> [ASSIGNMENT]
In the entries that follow, repeat exactly the lines from the one that has "Kit Multi Aire" through the one that has "English Elm 3", but omit pictures.

> [SUPPLIED RECORDS]
_ _ _ _ _

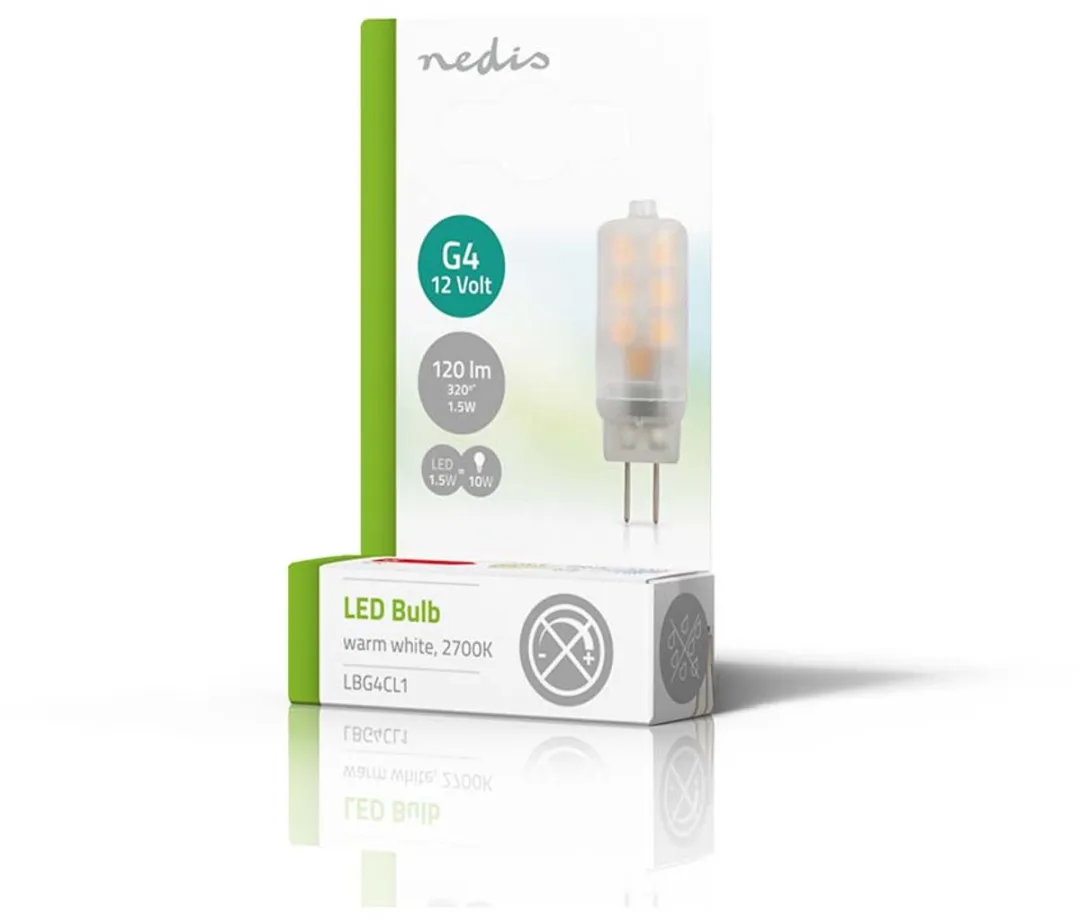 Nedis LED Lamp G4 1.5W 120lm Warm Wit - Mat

_ _ _ _ _

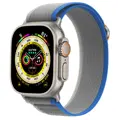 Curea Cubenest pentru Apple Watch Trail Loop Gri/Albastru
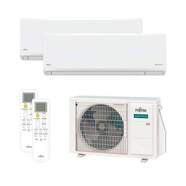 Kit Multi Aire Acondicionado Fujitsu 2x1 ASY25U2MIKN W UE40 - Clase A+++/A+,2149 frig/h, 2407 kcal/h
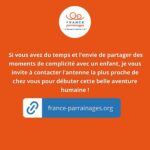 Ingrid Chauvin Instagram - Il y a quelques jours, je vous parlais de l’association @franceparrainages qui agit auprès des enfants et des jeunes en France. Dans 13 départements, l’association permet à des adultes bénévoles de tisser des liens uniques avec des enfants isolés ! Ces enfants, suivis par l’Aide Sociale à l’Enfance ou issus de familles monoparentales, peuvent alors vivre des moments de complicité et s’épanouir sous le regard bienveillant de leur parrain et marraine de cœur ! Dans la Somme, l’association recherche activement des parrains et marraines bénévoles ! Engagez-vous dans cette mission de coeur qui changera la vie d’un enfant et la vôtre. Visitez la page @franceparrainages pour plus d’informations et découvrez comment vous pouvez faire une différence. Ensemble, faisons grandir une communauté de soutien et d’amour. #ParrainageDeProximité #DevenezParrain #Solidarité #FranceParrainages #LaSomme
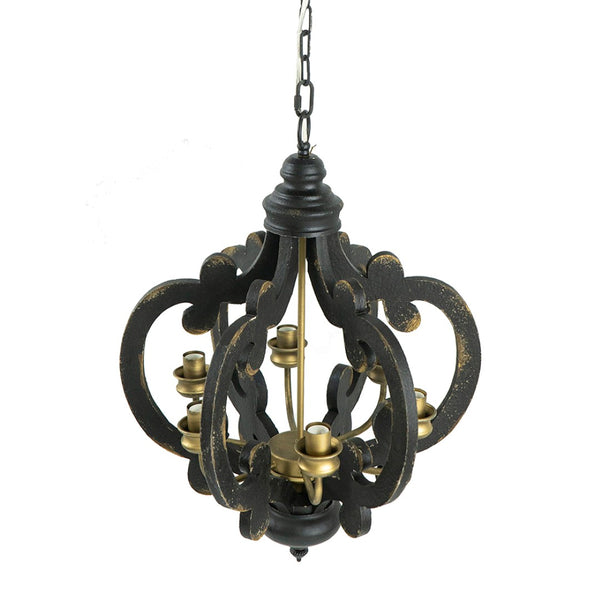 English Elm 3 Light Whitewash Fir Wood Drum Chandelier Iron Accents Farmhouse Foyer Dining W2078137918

_ _ _ _ _

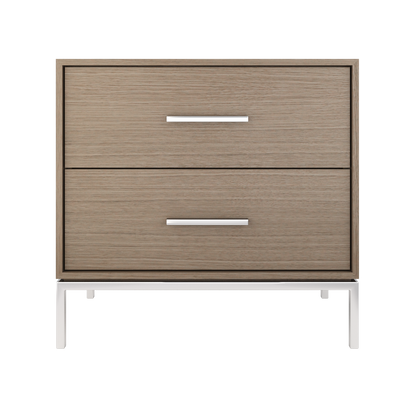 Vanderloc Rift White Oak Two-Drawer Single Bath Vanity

_ _ _ _ _

> [EXERCISE OUTPUT]
 Kit Multi Aire Acondicionado Fujitsu 2x1 ASY25U2MIKN W UE40 - Clase A+++/A+,2149 frig/h, 2407 kcal/h
 Ingrid Chauvin Instagram - Il y a quelques jours, je vous parlais de l’association @franceparrainages qui agit auprès des enfants et des jeunes en France. Dans 13 départements, l’association permet à des adultes bénévoles de tisser des liens uniques avec des enfants isolés ! Ces enfants, suivis par l’Aide Sociale à l’Enfance ou issus de familles monoparentales, peuvent alors vivre des moments de complicité et s’épanouir sous le regard bienveillant de leur parrain et marraine de cœur ! Dans la Somme, l’association recherche activement des parrains et marraines bénévoles ! Engagez-vous dans cette mission de coeur qui changera la vie d’un enfant et la vôtre. Visitez la page @franceparrainages pour plus d’informations et découvrez comment vous pouvez faire une différence. Ensemble, faisons grandir une communauté de soutien et d’amour. #ParrainageDeProximité #DevenezParrain #Solidarité #FranceParrainages #LaSomme
 English Elm 3 Light Whitewash Fir Wood Drum Chandelier Iron Accents Farmhouse Foyer Dining W2078137918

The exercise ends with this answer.